Prior to the enactment of the PIA, the Federal Inland Revenue Service relied on Section 23 of the Petroleum Profits Tax Act (PPTA) in assessing upstream entities to additional taxes, based on the additional deemed revenue. The additional deemed revenue was computed based on variance between the posted or fiscal prices communicated by the defunct DPR and the actual realisable price for the sale of the crude oil. However, some of the affected players argued that the fiscal prices communicated by the DPR were for royalty purposes and should not be adopted as posted prices for the purpose of Section 23 of the PPTA, given that the PPTA required the taxpayer to agree the posted price with the government.

Interestingly, marginal field operators were mostly affected by the above situation because they are unable to command the kind of bargaining power that the International Oil Companies have with respect to pricing of crude sale, due to the low production volume associated with marginal fields. This implied that the realisable price could in certain instances, be lower than the international market prices and the fiscal prices communicated by the DPR.

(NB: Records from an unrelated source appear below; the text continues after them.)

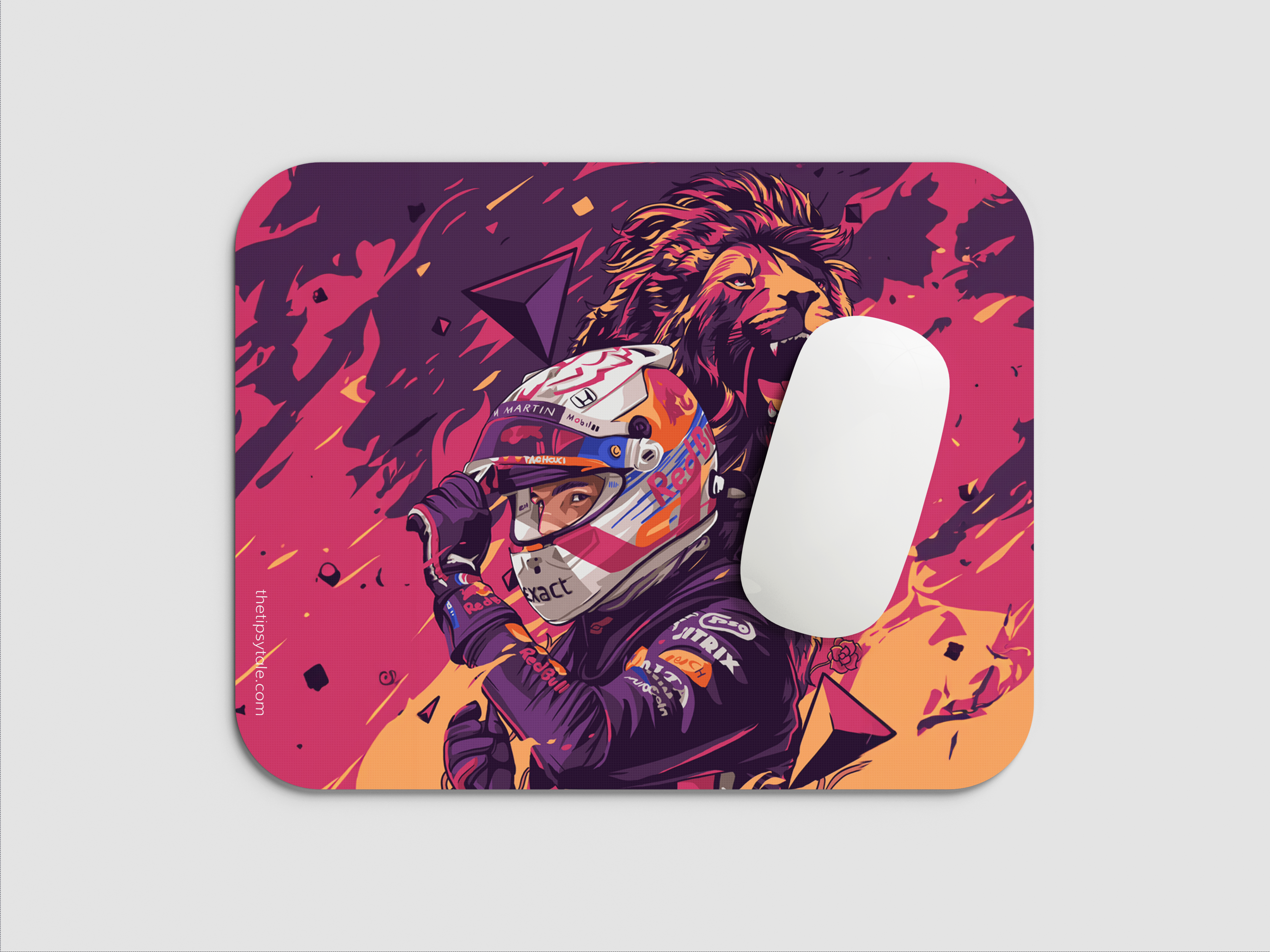 "MAX VERSTAPPEN ILLUSTRATED EDITION "" Mousepad Enhance Your Workspace with Style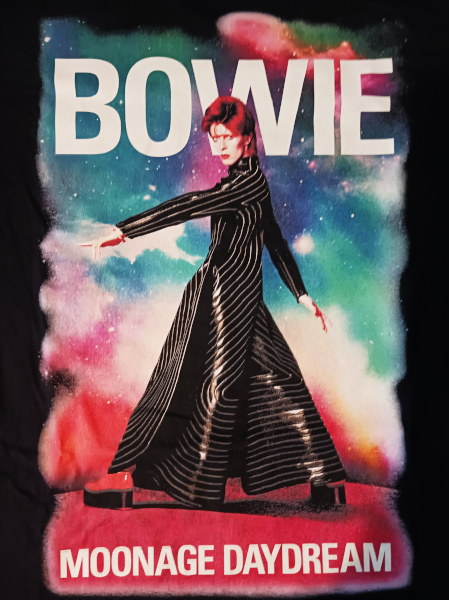 David Bowie Unisex Tee Shirt<br>Moonage Daydream<br>Size: Medium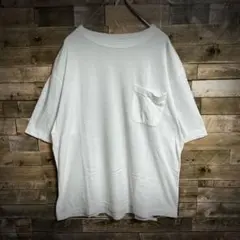 コモリ COMOLI Tシャツ ポケットT 裏起毛 ホワイト サイズ1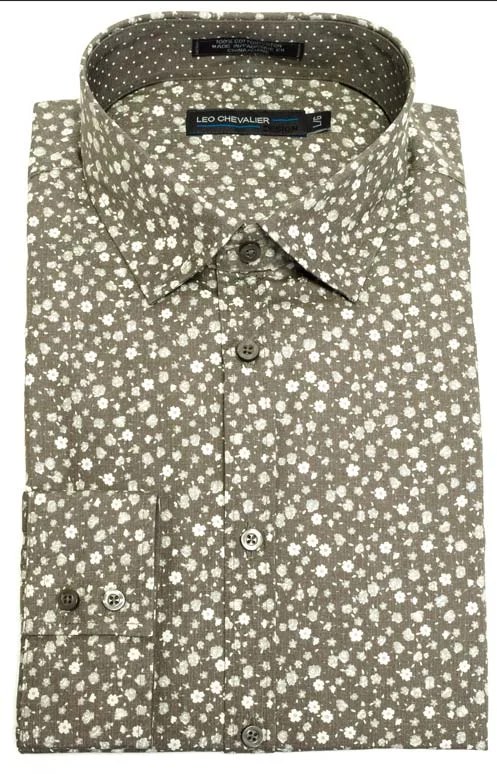Men's Monochrome Shirts for a Minimalist VibeLeo Chevalier Long Sleeve Sport Shirt - 428431 Men's Monochrome Shirts for a Minimalist VibeLeo Chevalier Long Sleeve Sport Shirt - 428431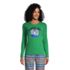 Women's Petite Christmas Crewneck Long Sleeve T-Shirt Graphic, Front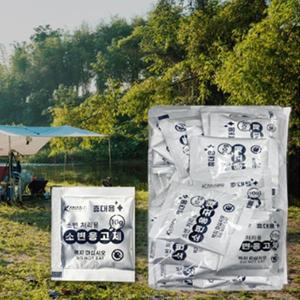 [기타]용변분해제 캠핑 야외 변기 휴대용 노지 간이 화장실 대용량 소변 응고제 10g 50개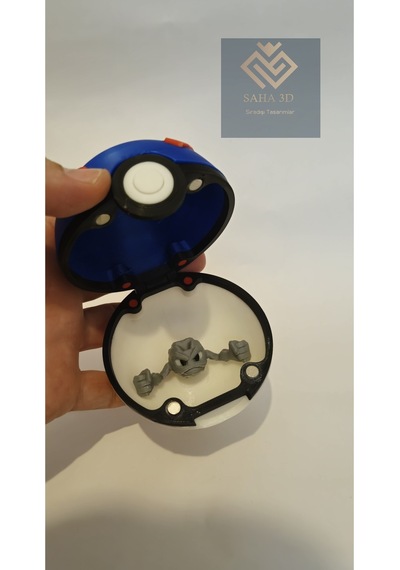 Pokemon Great Poke Topu Geodude Hediyeli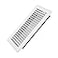 Howeall 4 x 10 Floor Register Heavy Duty Steel Walkable Floor Vents Easy Adjust Air Supply Lever Vent Covers for Home White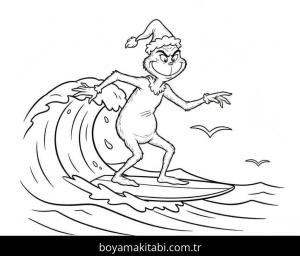 Grinç boyama sayfası – renkli çizimler, okul öncesi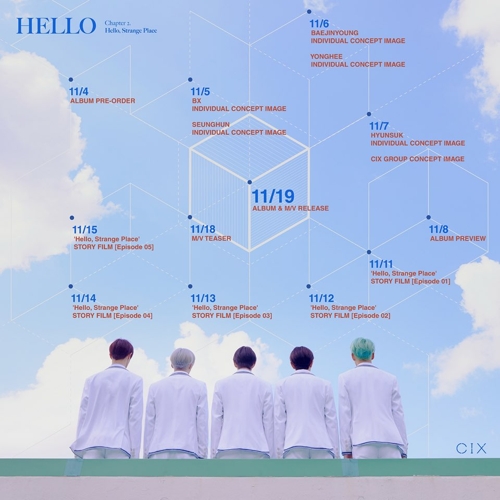 CIX, 두 번째 미니앨범 발매…'안녕, 낯선 공간'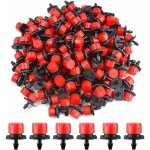 Jamais utilis�]200pcs goutteurs d'irrigation 1 / 4'', r�glables, micro buses de brumisation pour jardins, ...
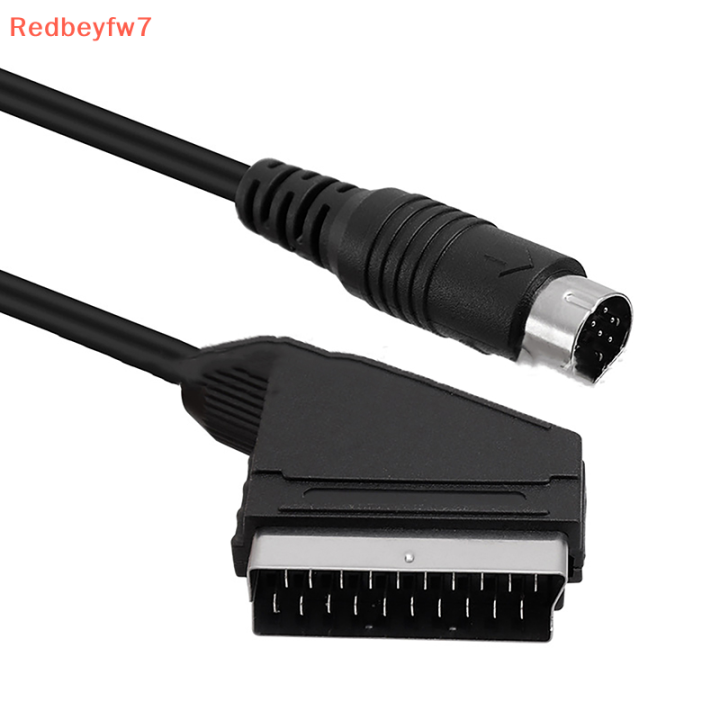 re-สายวิดีโอ1-8ม-5-9ft-scart-เคเบิล-rgb-สายเชื่อม20พินสำหรับ-sega-สำหรับคอนโซลเกมดาวเสาร์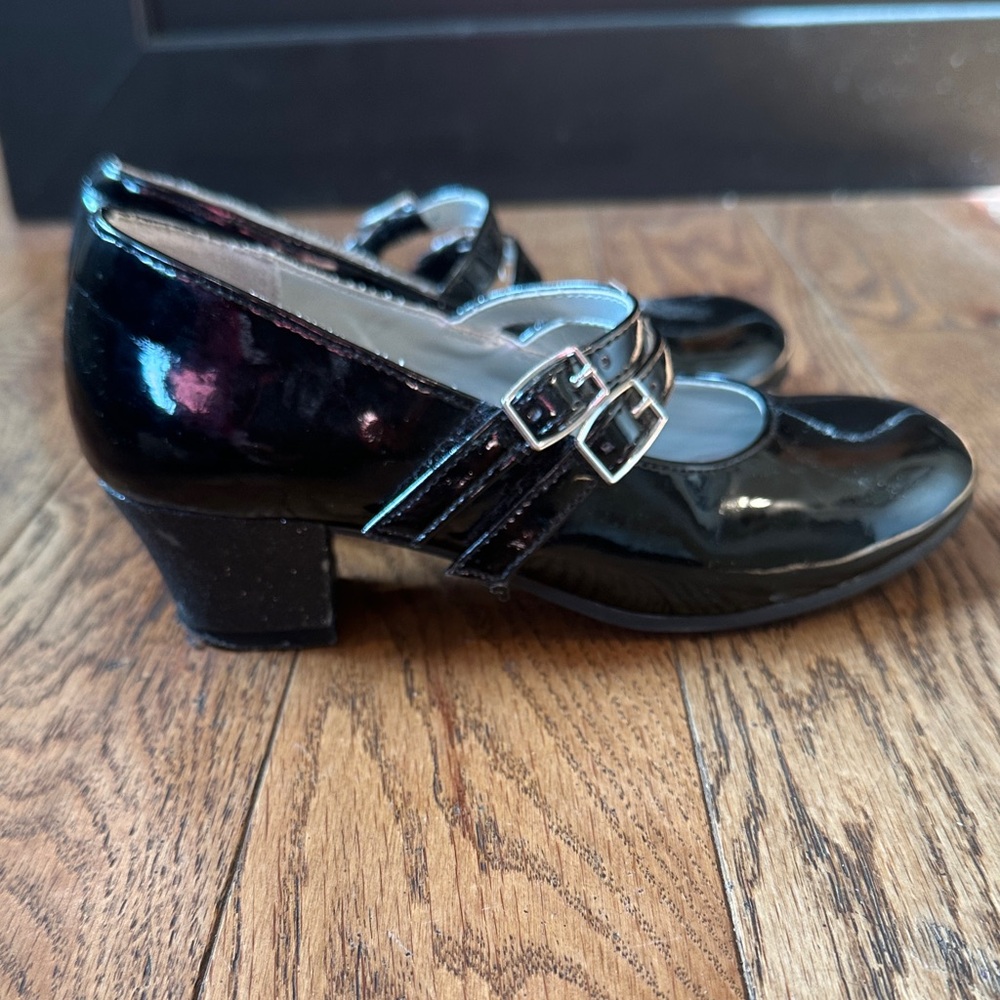 Black Patent Leather Mary Jane Heels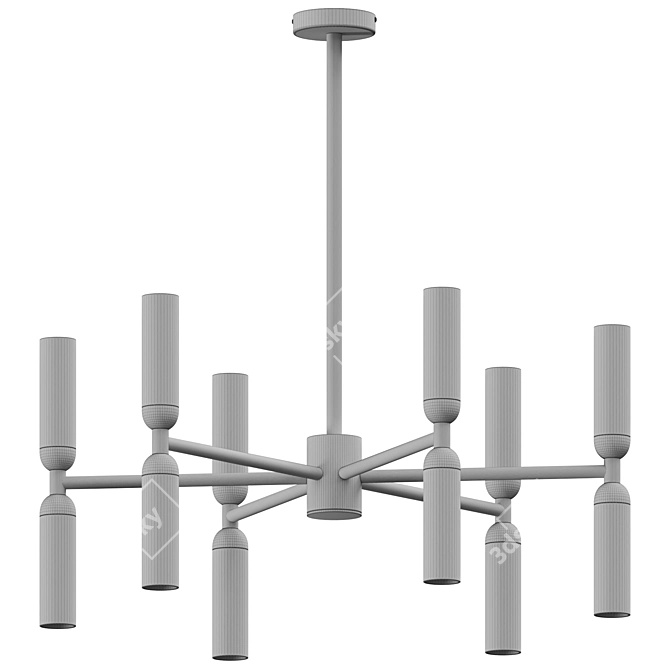 Elegant Memory Pendant Light Gold 3D model image 2
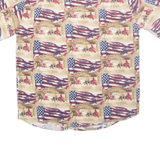 WOODLAND CREEK Mens Shirt Brown Crazy Pattern M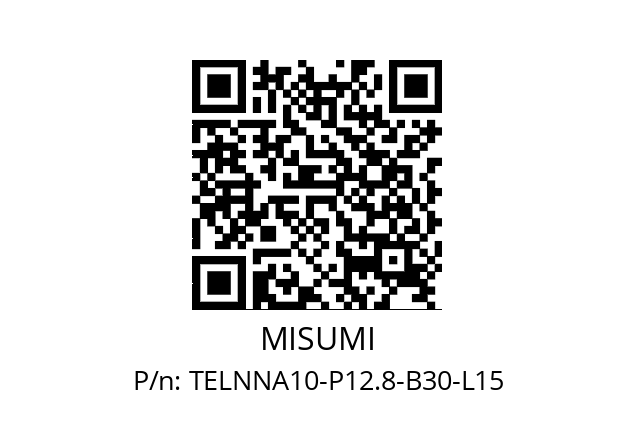   MISUMI TELNNA10-P12.8-B30-L15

However, Section 268 of the PIA stipulates that the NUPRC will now be responsible for determining the fiscal prices to be adopted in computing tax on additional deemed revenue. This implies that marginal field operators may be liable to additional tax where the fiscal prices determined by the NUPRC exceed the realisable price of such operators for the particular period. This appears to be an unfair provision, given that the affected companies will be subjected to tax on income that was not earned or received.

Conclusion

While the PIA introduced several "good" provisions, it appears that the "improvable" provisions could have a detrimental impact on marginal field operators.

Given that marginal fields are generally unattractive to develop from an economic perspective, fiscal sweeteners are required to encourage investors. Therefore, the government should consider reviewing the "improvable" provisions and providing additional incentives to encourage marginal field development. This will ensure the achievement of the government's objective of increasing indigenous participation in the Nigerian oil and gas industry.

The affected operators are also urged to engage the government for a possible amendment with "improvable" provisions as soon as possible.